What threat do returning foreign fighters pose?

As we still reel from the foiled terrorist attack  last week in Strathroy, Ontario, we can still rest assured that attacks, successful or not, remain a rarity in Canada.  In the period since 9/11 we have had no more than 8 such incidents: on average one every two years.   When we compare our experiences with those of our close allies, let alone countries where terrorism is a weekly – if not daily – event, we see that we are very safe in Canada.

(For the record, the eight are: the Toronto 18 (2006), Project Samossa (Ottawa – 2010), Via Rail (2013), Victoria legislature (2013), St-Jean-sur-Richelieu (2014), National War Memorial/Parliament Hill (2014), Canadian Forces recruiting centre (2016), and last week’s attempt)

That safety may be undermined in the coming months and years, however.

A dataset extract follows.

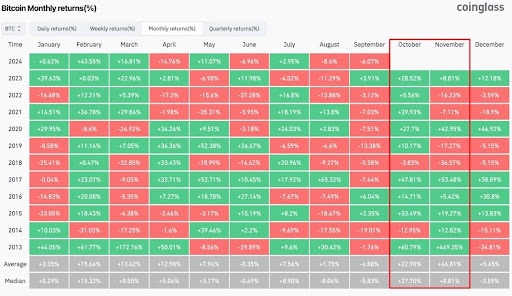 Crypto Pundit Tells Bitcoin Investors To Hold On A Bit Longer, Here’s Why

The incidence of terrorist attacks may spike because of the phenomenon of what are called “foreign fighters”.  The term has come to be understood as those who leave their home countries to fight in wars that their own governments have not sanctioned – more specifically people who have become radicalised and travel to join terrorist groups like Al Qaeda or Islamic State.

While this is not a new phenomenon, it has come to the fore of late because of what is happening in Syria and Iraq.  Terrorist groups there have welcomed an unprecedented number of foreign fighters, as many as 30,000.  These volunteers come from all over the world – Tunisia appears to have sent the largest cohort – and of greater concern to the West is the long list of countries from which wannabe jihadi soldiers have left to join up.  We in Canada are told by CSIS and the RCMP that a few hundred or so have abandoned our country for the apparent glamour of jihad and possible martyrdom.

These numbers are unprecedented but we can perhaps learn from what happened in previous wars (shameless self promotion: my book Western Foreign Fighters: the threat to homeland and international security is due to be published this January by Rowman and Littlefield).  Veterans of the Afghan war against the Soviets – the so-called “Afghan Arabs” – left Central Asia after the Soviet Union withdrew its troops ignominiously and although some went on to “jihads” in Bosnia and Chechnya, others went home.  Once back in familiar settings, some returned to normal lives while others, now even more heavily radicalised and with seasoned battlefield experience, caused havoc in their homelands.

Historical analysis, especially that carried out by Thomas Hegghammer in Norway and David Malet in Australia, demonstrates that not all veterans return to carry out terrorism back home.  Hegghammer estimates that 1 in 9, or 10 percent, do so.  That figure should give us some comfort.

Even so, the research by Hegghammer leaves questions unanswered.  Will historical trends continue or will we see a greater percentage of returnees engage in terrorism?  And, perhaps most importantly, which ones are the real McCoys and which ones have no violent intent?  The answer to that question is still wanting.

We in Canada learned last week in the wake of the failed bomb attack in a small Ontario town that distinguishing “talkers” from “walkers” is nigh impossible.  There is no template or tool that I have seen that can reliably winnow those who will act from what we in the security intelligence used to call “couch jihadis”.  There are too many variables that are in constant motion to make that judgment. Absent active monitoring, some will evade detection and succeed in their plans.

But back to foreign fighters.  The challenge facing CSIS and the RCMP is to know who has gone and who has come back (fortunately, some die in theatre – this is not callous but rather an acknowledgement that a dead terrorist is no longer a threat to be monitored).  Some evade scrutiny and if you do not know who has left for jihad it is difficult to know that they may pose a threat upon return.  These agencies will have to do assessments on the people on their radar and keep those assessments evergreen: the case of Mr. Driver shows that someone can escalate in a short period of time.  Once that is done, the resources have to be deployed to watch them (as we learned from the RCMP’s Mike Cabana last week, the Mounties simply cannot watch everyone).  If there is enough evidence to lay charges, either immediately upon return or after investigation here in Canada, then that will be done.  If not, how long can authorities keep eyes on a returnee?  From a Charter perspective, how long should they maintain investigations and when does it become clear that a given individual no  longer poses a threat?  All very good questions with no easy answers.

Other countries (France, Germany, Belgium) have suffered attacks from returning foreign fighters.  Some of those who are Canadian and make it back will return with lethal intent  in the near future.  Our security and law enforcement agencies will identify and neutralise most.  We need to prepare for the few that will get through.




By Phil Gurski

Phil Gurski is the President and CEO of Borealis Threat and Risk Consulting Ltd. Phil is a 32-year veteran of CSE and CSIS and the author of six books on terrorism.